Prairie voles nestling together on white background.
Taking care: Male prairie vole pups raised by highly attentive parents have different expression levels of 321 genes in the brain, some of which are linked to autism.
Courtesy of Aubrey M. Kelly

Parental care may sculpt brain development in prairie voles

Voles reared primarily by their fathers show altered synapse density.

Male prairie voles are more sensitive to early-life parenting than female voles are, according to a new study. The male pups are especially sensitive to the level of care provided by their fathers, the work also shows.

The results “rigorously established that there are sex differences in the effects of early social experience,” says Devanand Manoli, assistant professor of psychiatry at University of California, San Francisco, who was not involved in the study.

Prairie voles are a particularly useful model for studying the effects of parenting behaviors because, unlike many other animals, they are typically raised by two parents rather than just one, says lead investigator Jessica Connelly, professor of psychology at the University of Virginia in Charlottesville.

She and her team quantified prairie vole parents’ levels of attentiveness to their pups before weaning the pups from their mothers two to three weeks later, at which point the researchers evaluated several aspects of the pups’ brain development, including gene expression, synaptic density and epigenetic markers of age.

Animals raised by the least attentive parents showed more epigenetic changes associated with increased aging — as measured by DNA methylation in the nucleus accumbens — than those raised by more attentive parents, suggesting their brains had developed faster.

And the male, but not the female, pups raised in a higher-care environment had different expression levels of 321 genes in the brain, 42 of which are linked to autism. Of those 321 genes, 175 showed higher expression, and 146 showed lower expression, compared with those in male pups raised in lower-care environments. The findings were published in the Proceedings of the National Academy of Sciences in July.

“By understanding what happens in typical neurodevelopment, I hope that we can begin to uncover why regulation of these genes differs in males and females,” says Joshua Danoff, a postdoctoral associate at Rutgers University who worked on the new study while a member of Connelly’s lab. “This ultimately will allow us to understand why mutations in these genes lead to much stronger autism traits in males and why females require a higher mutational burden to display autism phenotypes.”
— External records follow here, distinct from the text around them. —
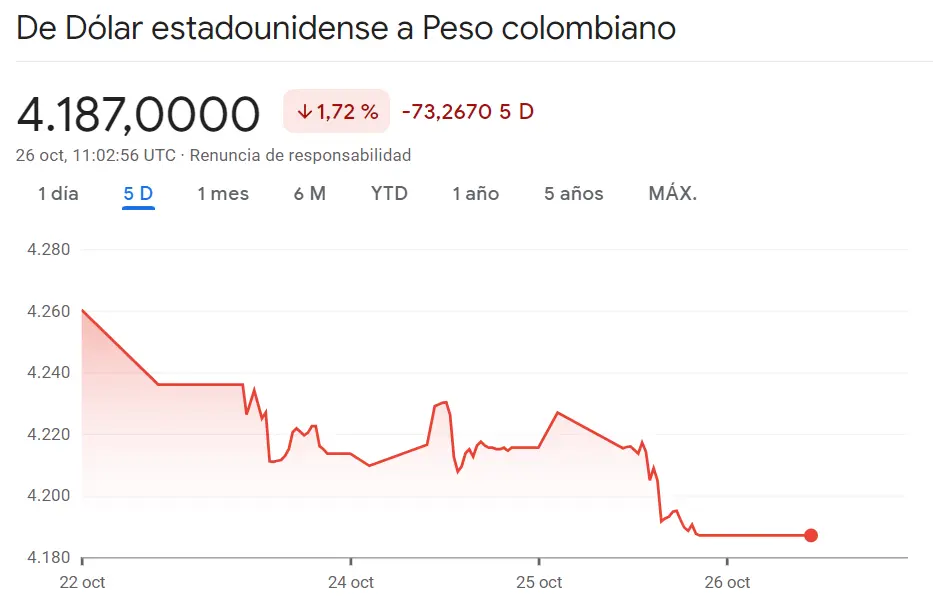USDMXN con unas caídas que sorprenden frente al peor panorama que nos podíamos esperar en el cambio Dólar Peso Colombiano (-73.267 pesos)... Una estabilidad dudosa del cambio Dólar Peso Argentino (+0.16%) - 2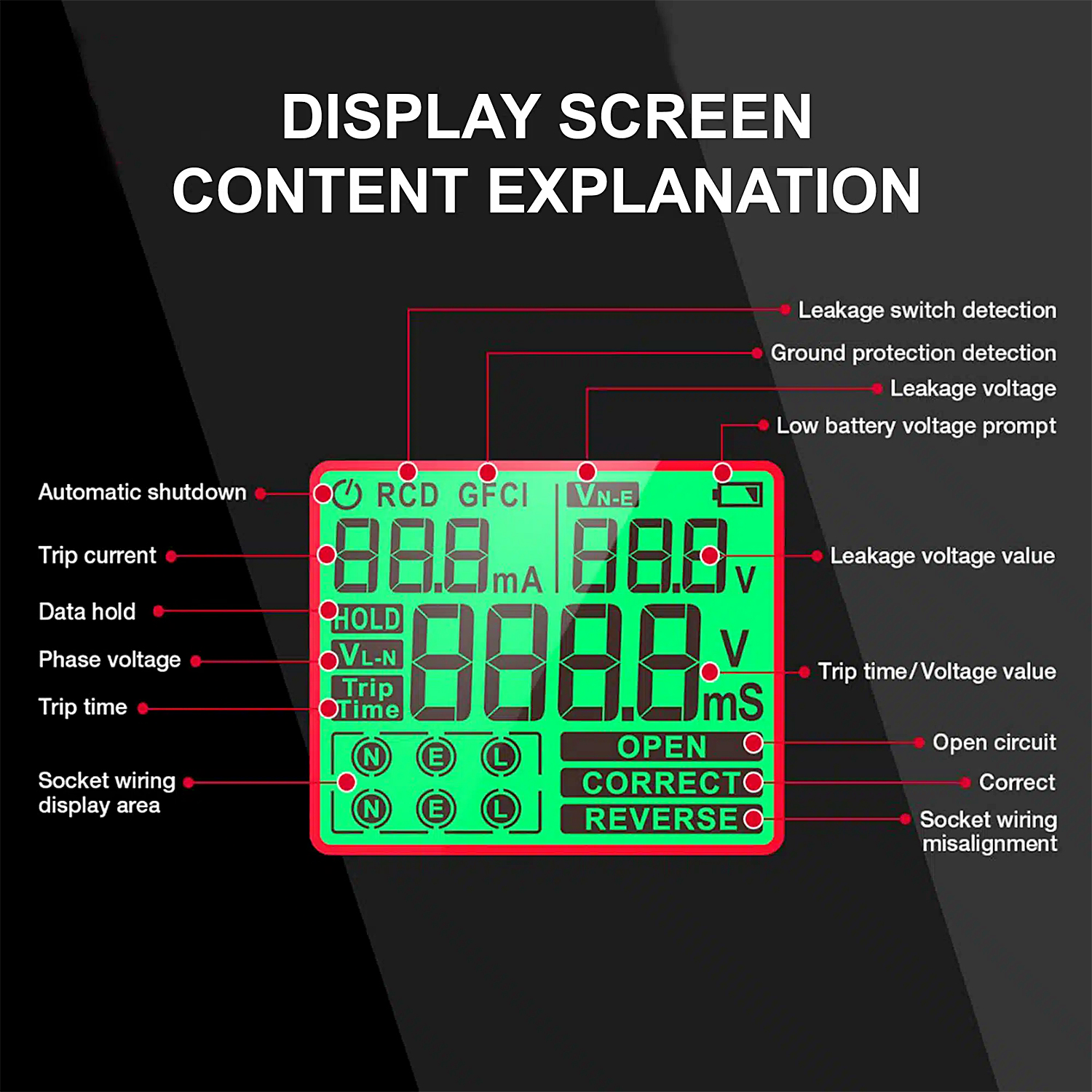 Metravi 30 ~ 260V Digital Socket Polarity and Earth Leakage Tester, ST-09B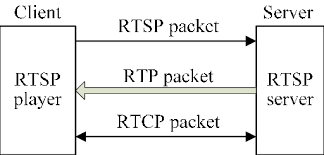 Join voip expert terry vinson as he guides you through this important protocol found in voip networks. Multimedia Data Transfer Protocol Rtp Rtcp And Rtsp Download Scientific Diagram
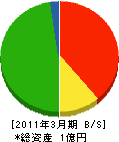 富岡組 貸借対照表 2011年3月期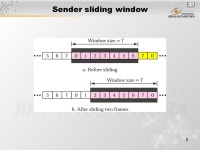 1 Pertemuan 15 Layer Data Link Matakuliah: H0174/Jaringan Komputer Tahun: 2006 Versi: 1/0. -  ppt download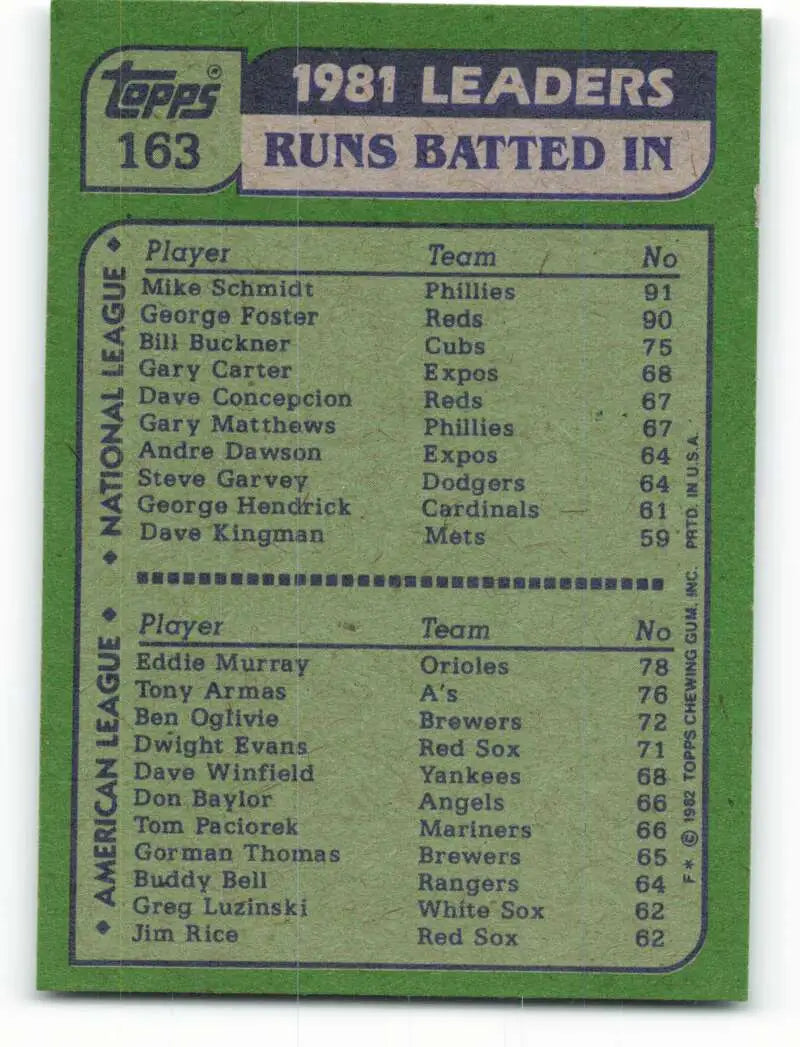 1982 Topps #163 Mike Schmidt/Eddie Murray EX Excellent Philadelphia Phillies/Baltimore Orioles Baseball Card - Baseball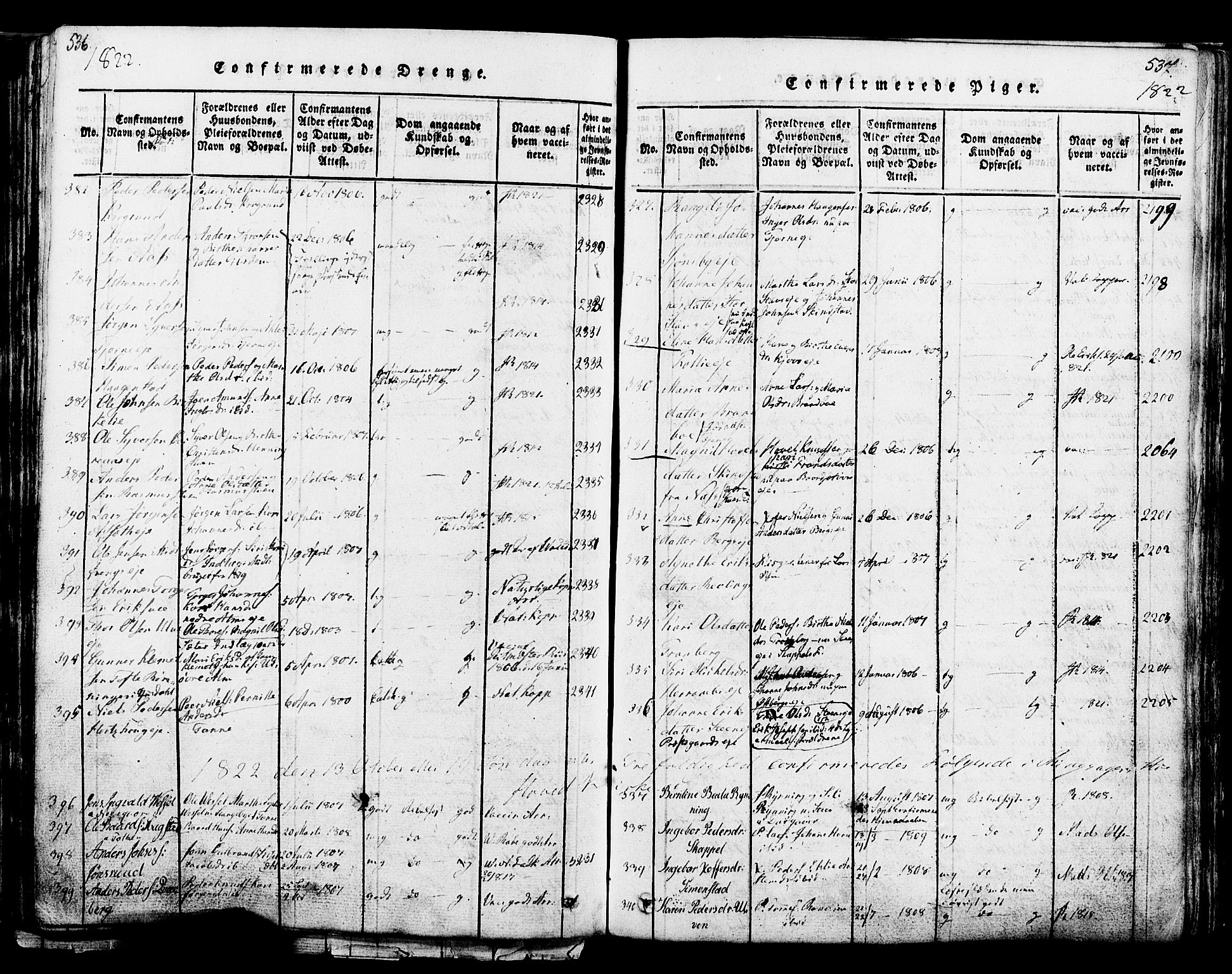 Ringsaker prestekontor, SAH/PREST-014/K/Ka/L0005: Parish register (official) no. 5, 1814-1826, p. 536-537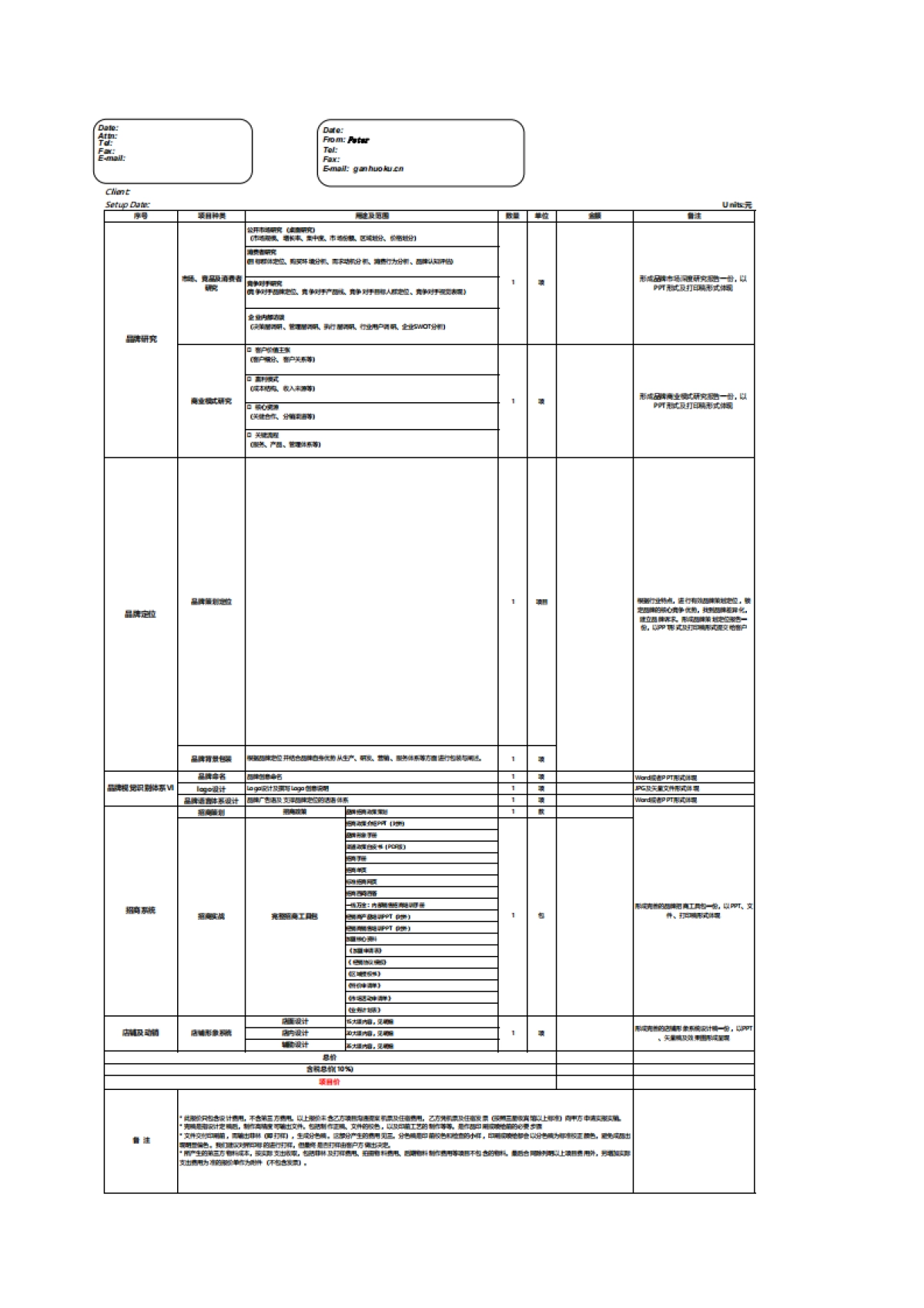 2022品牌全案策划设计明细报价表_第2页
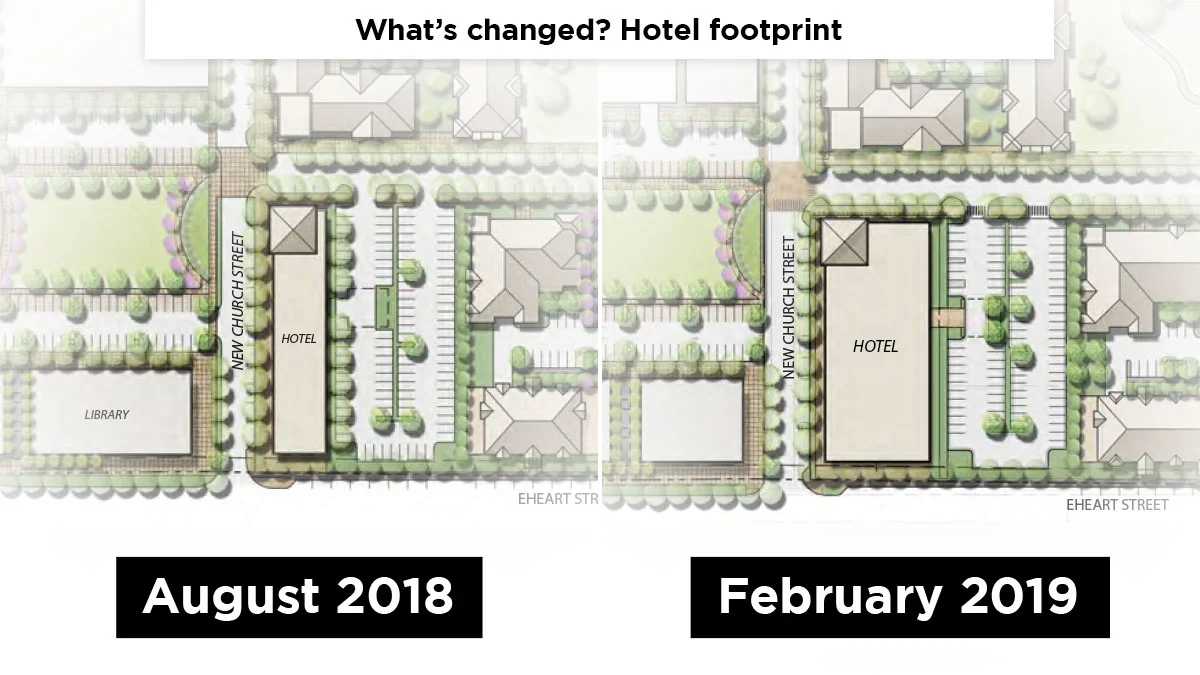 What’s changed? Hotel footprint
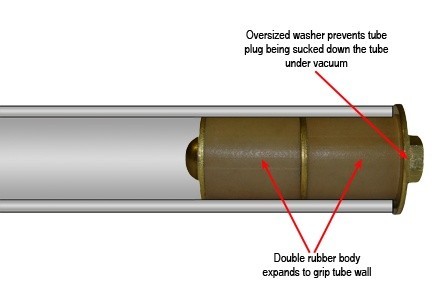 Double Rubber Tube Plug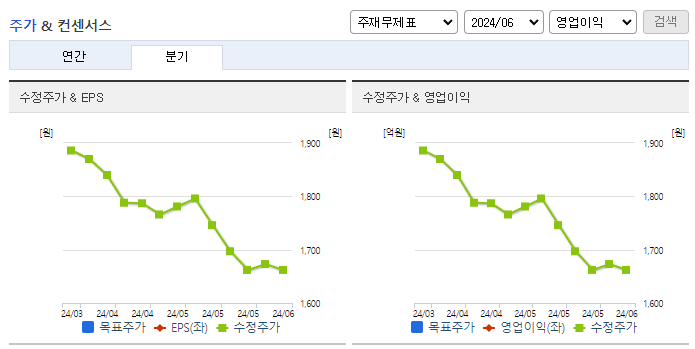 덕신이피씨_컨센서스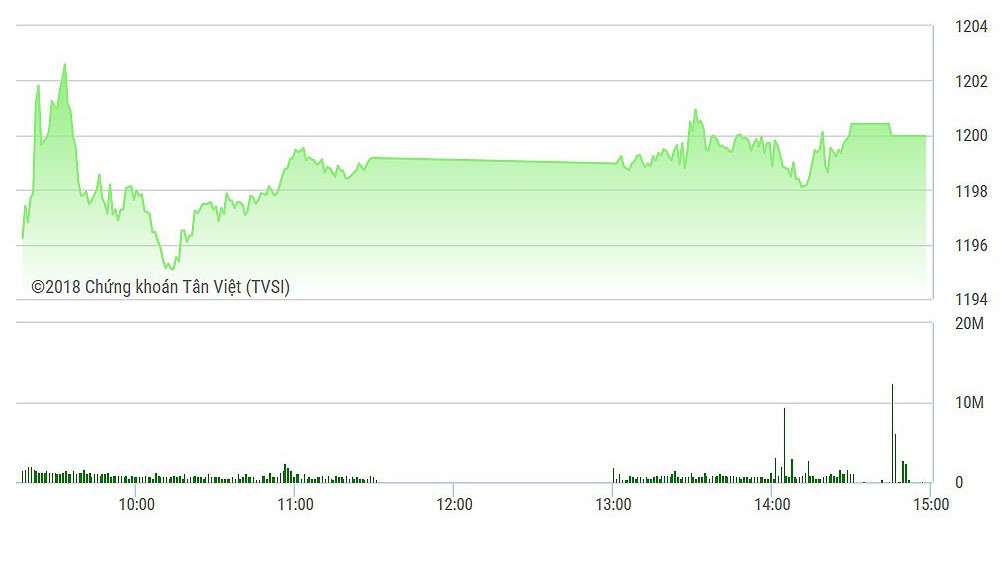 VN-Index vẫn chưa vượt được 1200 điểm.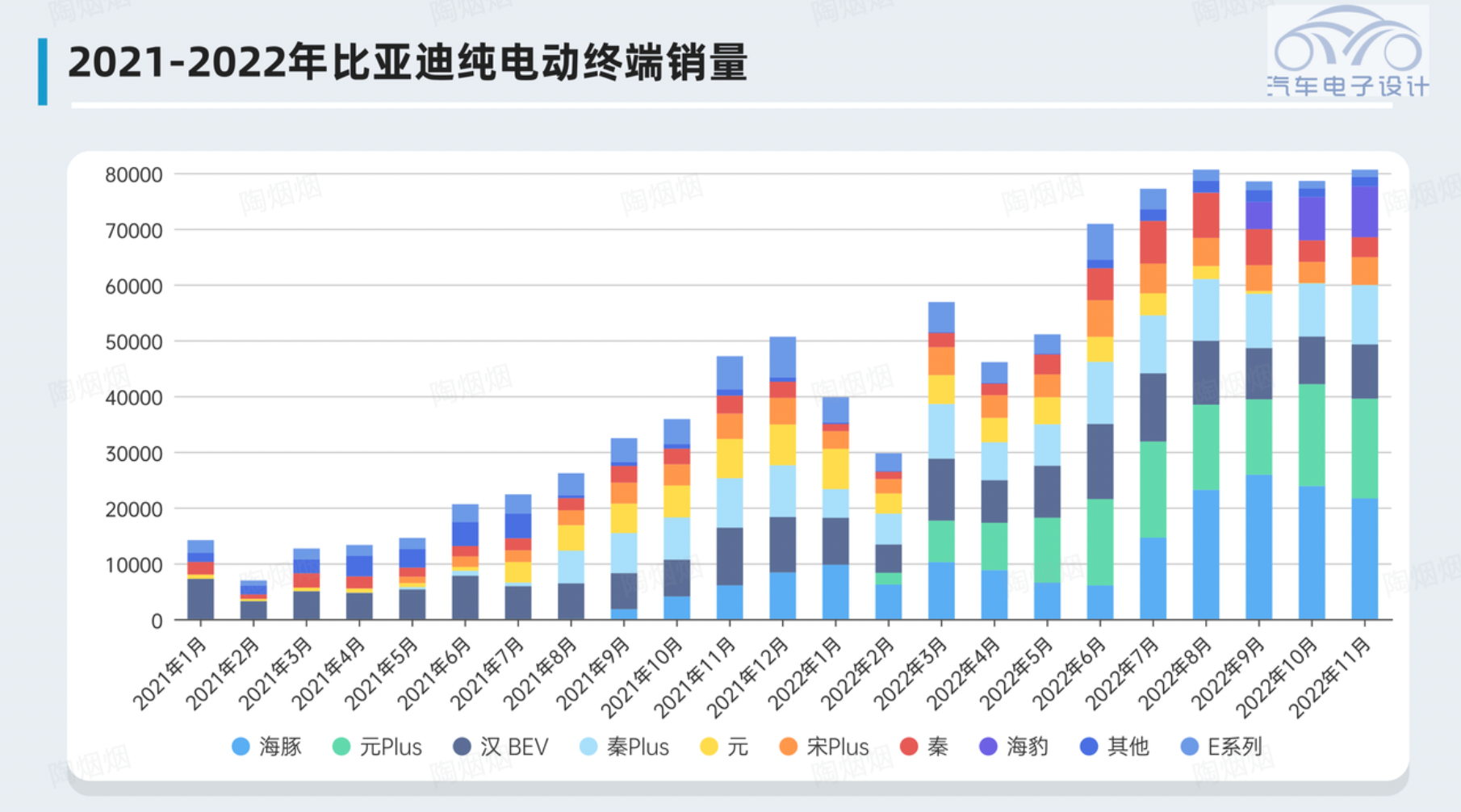 Figure 8. BYD's pure electric vehicle sales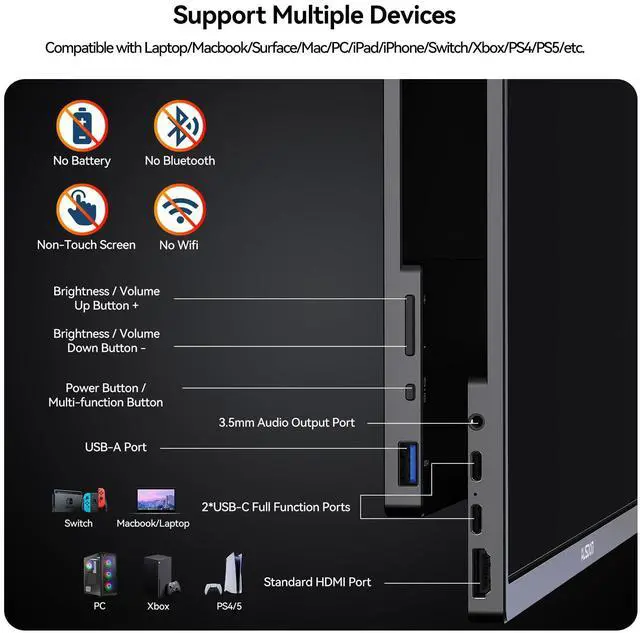 Alt view image 4 of 5 - AUSDOM External Portable Travel Monitor for Laptop, 15.6 inch 1080P FHD IPS Display USB-C HDMI Mobile Second Screen, Portable Computer Monitor for Laptop/PC/Mac/iPad/iPhone/Switch/Xbox/PS4/PS5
he findings do not mean that parenting causes autism, Connelly emphasizes.

And “even though a lot of these genes were affected, that doesn’t mean the animals are autistic,” adds Robert Froemke, professor of genetics and neuroscience at New York University in New York City. The dysregulated genes impact a variety of functions in the brain, including neuroplasticity.

Lastly, the team found the fathers’ care in particular shaped the neural development of their male pups. Those with greater care from fathers than from mothers — which show less variation in how much time they spend caring for their pups — had smaller synaptic terminals and a higher density of asymmetric synapses in the nucleus accumbens, an area of the brain associated with motivation, reward and risk-taking. Male pups of attentive vole fathers were also more likely to display parenting behavior toward pups that weren’t theirs, a common behavior in typical adolescent voles.

Froemke and Manoli both say the nucleus accumbens was a logical place to start searching for molecular changes but that they look forward to future studies that might reveal the involvement of other circuits or brain regions that communicate with the nucleus accumbens.